TASK ITEM: From the line that has "Reel Cool Grandpa" down to the last line of the data below, set down every line exactly, but none of the pictures.

GIVEN DATA:
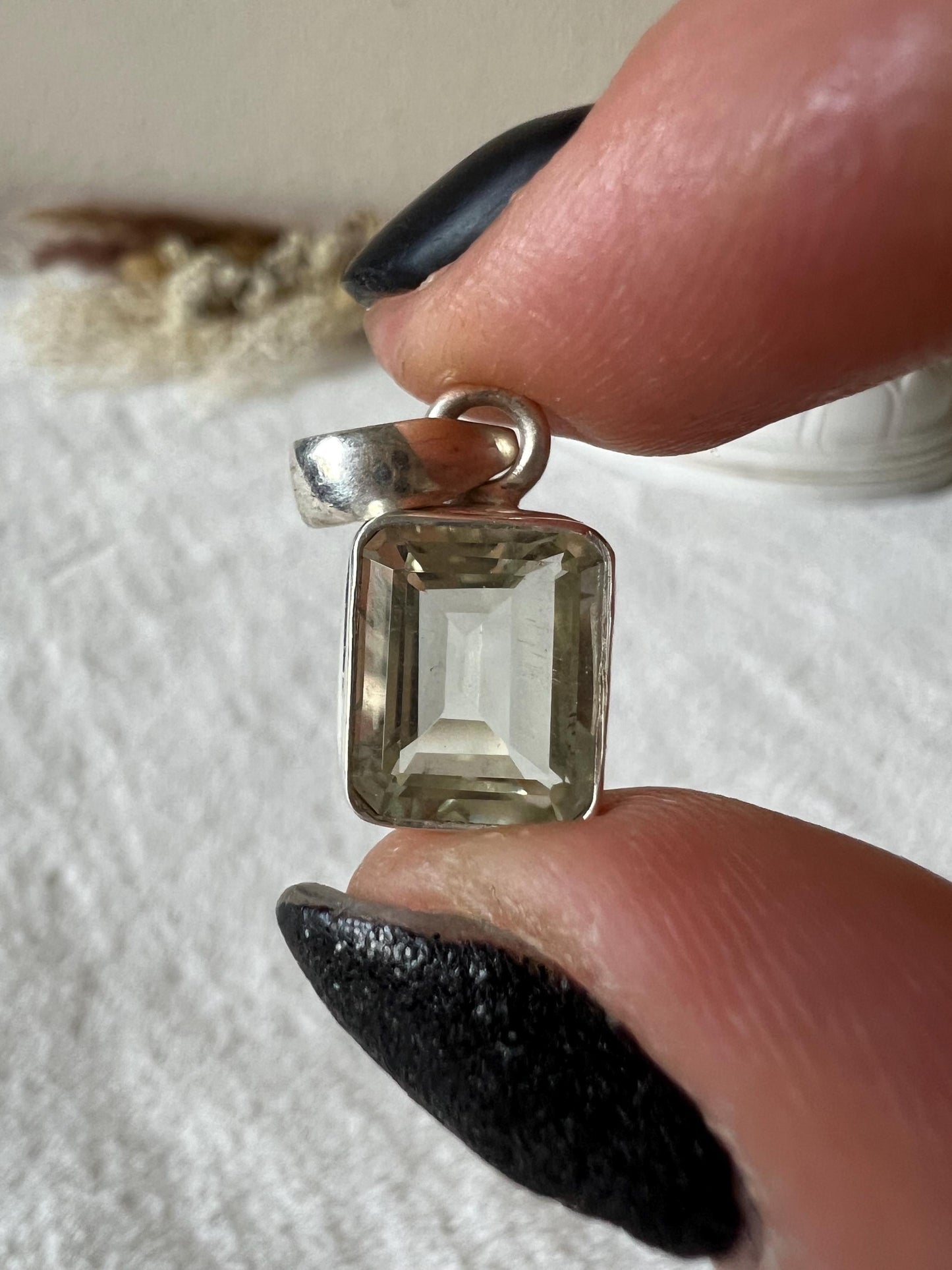 Prasiolith grüner Amethyst Kettenanhänger 925 Silber oval und eckig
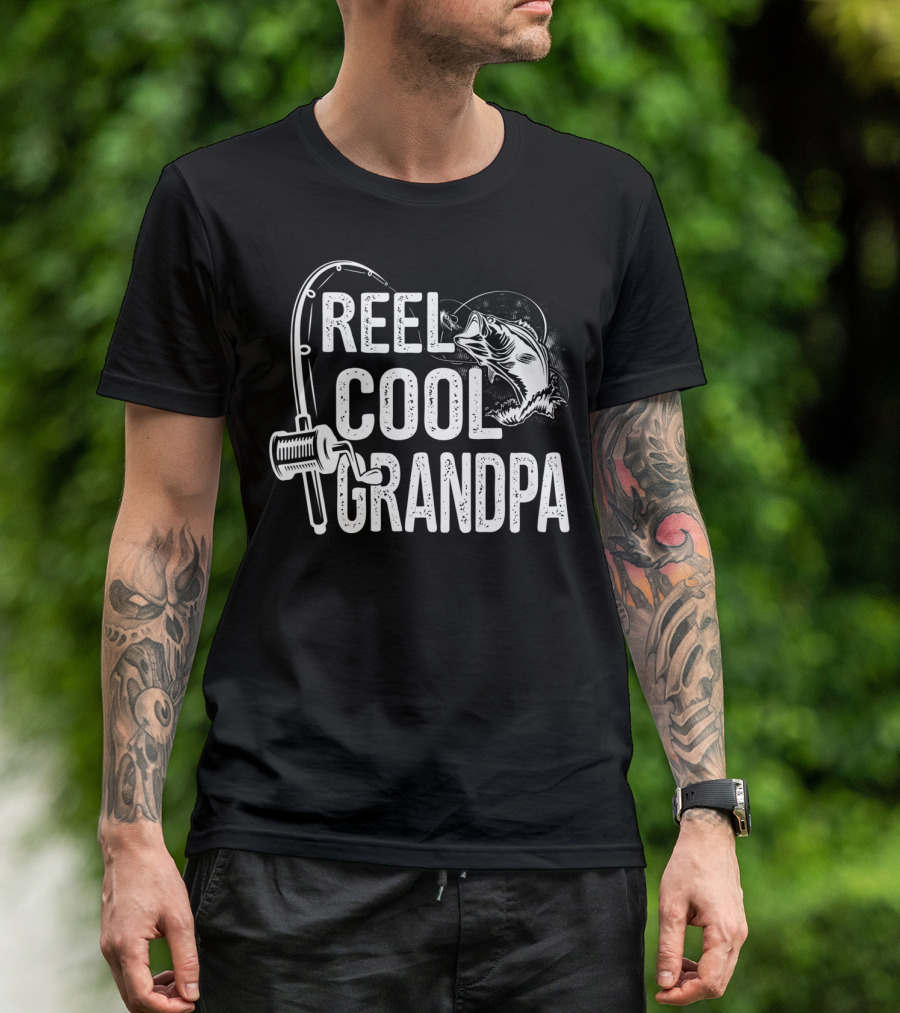 Reel Cool Grandpa Fishing Enthusiast With Fishing Rod And Fish T-Shirt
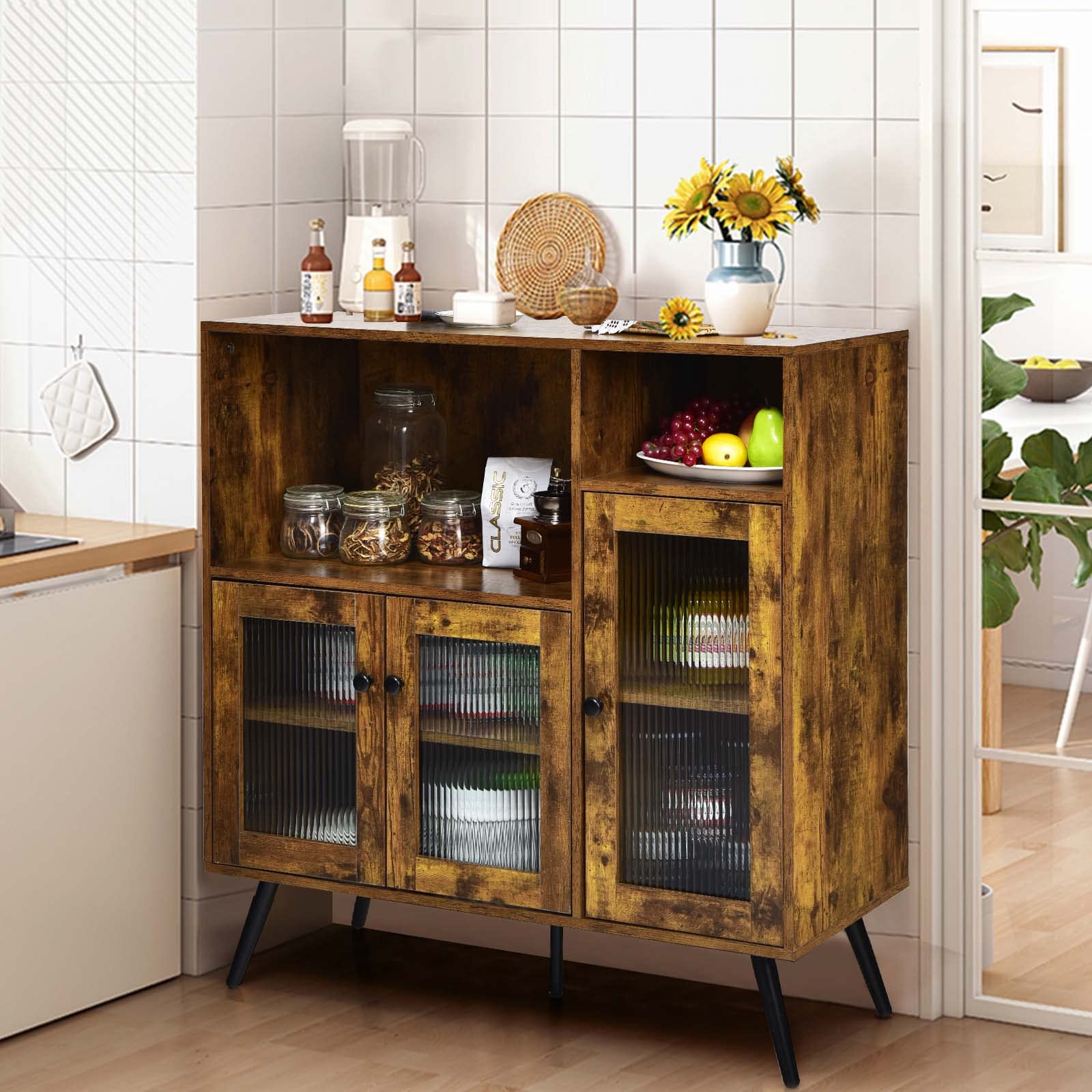 komfotteu-buffet-sideboard-mit-3-glast-ren-100x39-5x100-cm-braun image 2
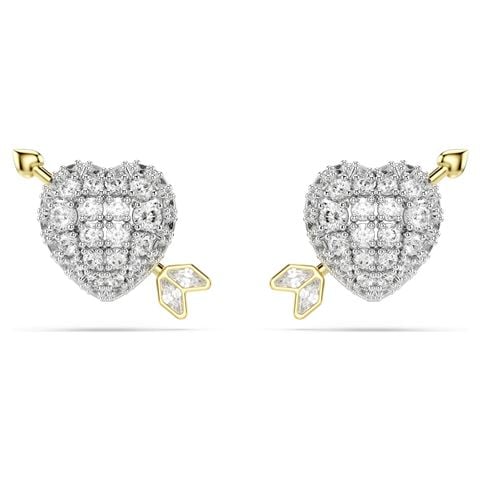 Swarovski Jewellery - Idyllia Heart & Arrow Stud Earrings w/Gold-Tone Plate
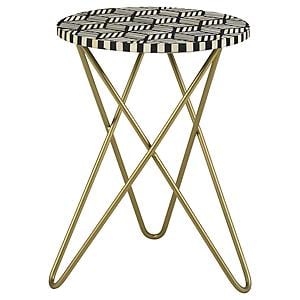Xenia Round Bone Inlay Accent Side Table White and Gold by Coaster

SOLUTION:
 Reel Cool Grandpa Fishing Enthusiast With Fishing Rod And Fish T-Shirt
 komfotteu-buffet-sideboard-mit-3-glast-ren-100x39-5x100-cm-braun image 2
 Swarovski Jewellery - Idyllia Heart & Arrow Stud Earrings w/Gold-Tone Plate
Xenia Round Bone Inlay Accent Side Table White and Gold by Coaster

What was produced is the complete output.